Sciencemadness Discussion Board

copper clad aluminium wire

wg48temp9 - 8-10-2021 at 09:35

I used some old coax to connect up arial I had put up to have TV in the workshop. But the signal strength was very low. I eventually discovered the screen was open circuit due to corrosion. The screen was brittle and covered with white powder which I assumed was CuCl perhaps caused by environmental HCl or the PVC insulation.

Today I was making up some flying lead using thick twin core speaker cable. The copper coloured multi strand conductors were covered with white corrosion. While stripping off the insulation I discovered the conductors were copper clad aluminium. I now suspect the white powder is aluminium oxide/hydroxide probably caused by moisture attacking the incoherent copper plating.

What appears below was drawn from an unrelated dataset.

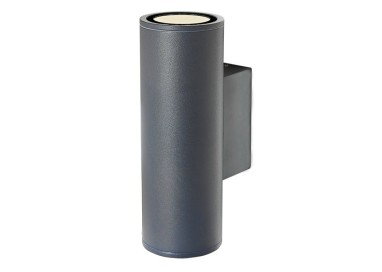 APPLIQUE IP65 2L*GU10 GRIS OSCURO PERE Gris foncé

I bet the problem with the coax was because the screen was copper clad aluminium. I replaced the coax with new coax . Still got signal strength problems when it rains because the line of sight to the transmitter is through the tops of trees. I need a taller mast or switch to sat receiver.

I did not realise how much copper has been replaced by aluminium wires or even steel. I have several USB leads that are attracted to magnets which probably means the conductors contain steel.

I guess the high price of copper has forced the change.

So if your having difficulty soldering some wire check it not very thin copper clad aluminum.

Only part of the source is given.